Growing expectation Keith Byrne will be deported from US on Friday

US lawyers representing Irishman make last-ditch plea for leniency to US authorities

Keith Byrnes wife Keren said: “He is raising proud Americans who will know what it is like to work hard for what they want and what they need.”

Keith Byrnes wife Keren said: “He is raising proud Americans who will know what it is like to work hard for what they want and what they need.”

 

US lawyers representing Irishman Keith Byrne have made a last-ditch plea for leniency to US authorities amid growing expectations he will be deported on Friday.

In legal filings lodged this week and seen by The Irish Times, Thomas Griffin, the Philadelphia-based lawyer representing Mr Byrne, requests authorities stop the imminent removal of the 37 year-old from Cork and allow him make his case before an immigration judge.

Noting that Mr Byrne has had no dealings with police since arriving from Ireland on the Visa Waiver Program in 2007, he said that Mr Byrne “has never been a danger to the community and he is not a national security risk.”

“With a family of US citizens who depend on him, home-ownership and a successful tax-paying business Mr Byrne is not a flight-risk,” Mr Griffin wrote in a letter to Simona Flores, director of enforcement and removal operations for ICE (Immigration and Customs Enforcement) agency in Philadelphia.

“Mr Byrne’s custody has already torn him from his family, and his US citizen wife Keren and his three US citizen children who are on the verge of a massive upending of their lives,” the letter notes.

Mr Byrne overstayed his visa by a number of months. He later tried to regularise his position in the US by paying a financial contribution for his failure to abide by the visa programme. He told his lawyer that he had a conviction in Ireland for possession of cannabis and that was included in his application for citizenship.

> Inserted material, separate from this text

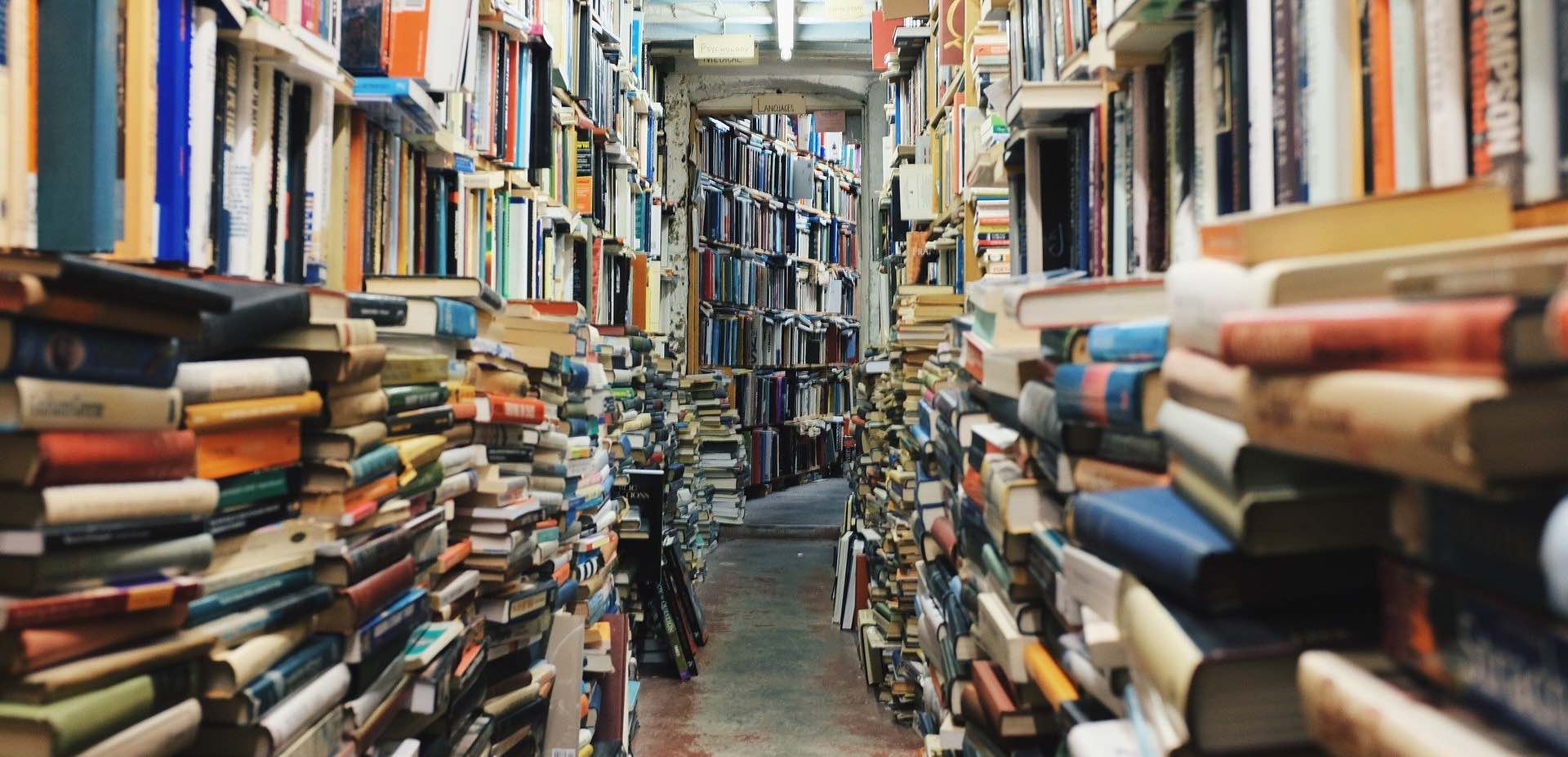 Catasta di libri in biblioteca: infermiera, psicoterapeuta e informatico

Meanwhile, noting the support in the Philadelphia community for Mr Byrne, as well as the extensive media coverage internationally, Mr Griffin said Mr Byrne, who runs a painting business, “has consistently abided by the law, and has regularly paid business and personal taxes,” he writes.

He also notes Mr Byrne’s family will likely lose their house in the event of deportation as the mortgage is more than half of Keren Byrne’s nursing salary.

Also included in the filing is a statement by Ms Byrne. “Even though we knew this day might come nothing could have prepared me and us for what this feeling is.”

She says the family has been “judicially and very methodically trying to ensure Keith’s permanent and legal residence in the United States...we have been nothing but honest during all proceedings and applications for citizenship”.

Ms Byrne said her husband “did not come here to ‘pull on the system’, he is working hard every day and contributing to society and most importantly to our home and our children.

“He is raising proud Americans who will know what it is like to work hard for what they want and what they need.”

The intervention by Mr Byrne’s legal team comes as legal officials close to the case told The Irish Times that Mr Byrne’s team has effectively exhausted all legal avenues, and that he faces the prospect of incarceration in a tougher facility if he does not comply with orders and sign documents paving the way for his deportation on Friday.

One official said that Mr Byrne was “low-hanging fruit” for ICE officials because he was openly living and working in the US and paying his taxes. “Essentially what has happened is that Mr Byrne was on the books of ICE officers, but this wasn’t an issue during the Obama administration. Now it’s a different world,” he said, referring to Mr Trump’s administration.